PROVIDED DATA:
● ● ● ●

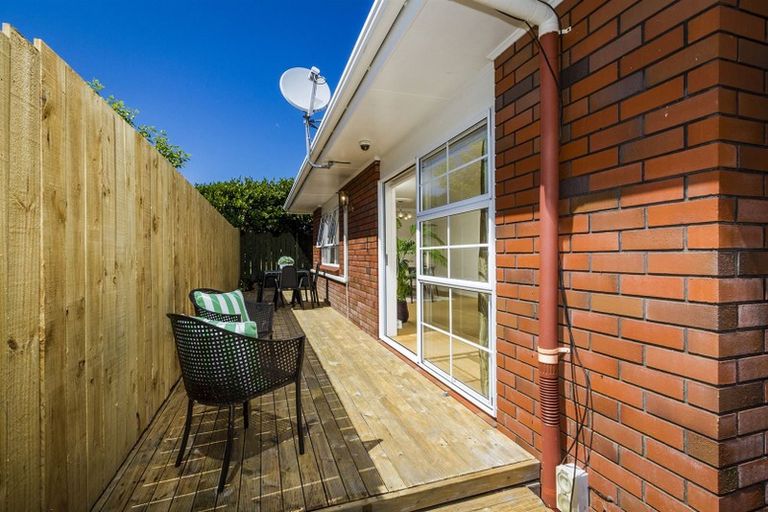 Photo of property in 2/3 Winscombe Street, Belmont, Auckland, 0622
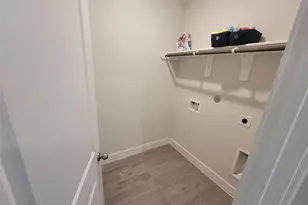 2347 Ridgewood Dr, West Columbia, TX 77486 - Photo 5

● ● ● ●

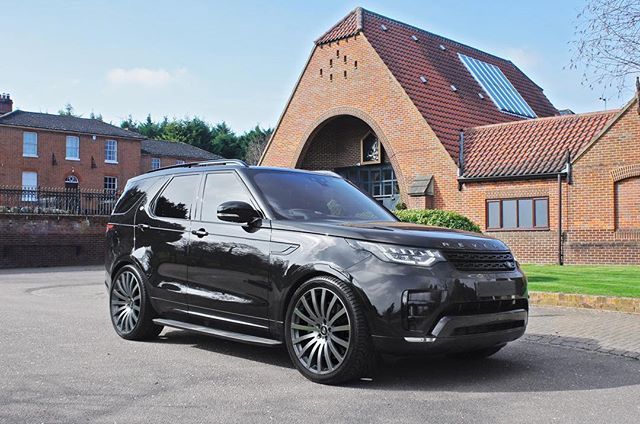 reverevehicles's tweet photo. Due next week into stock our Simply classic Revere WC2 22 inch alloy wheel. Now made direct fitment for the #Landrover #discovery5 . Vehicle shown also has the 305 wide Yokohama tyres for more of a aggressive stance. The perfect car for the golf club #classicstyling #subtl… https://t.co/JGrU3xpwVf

● ● ● ●

WHAT IS BEING ASKED: Beginning with the line that contains "Photo of property", write out the lines of the material above exactly, and end with the line that contains "2347 Ridgewood Dr, West". Omit the pictures.

THE COMPLETED TASK:
 Photo of property in 2/3 Winscombe Street, Belmont, Auckland, 0622
 2347 Ridgewood Dr, West Columbia, TX 77486 - Photo 5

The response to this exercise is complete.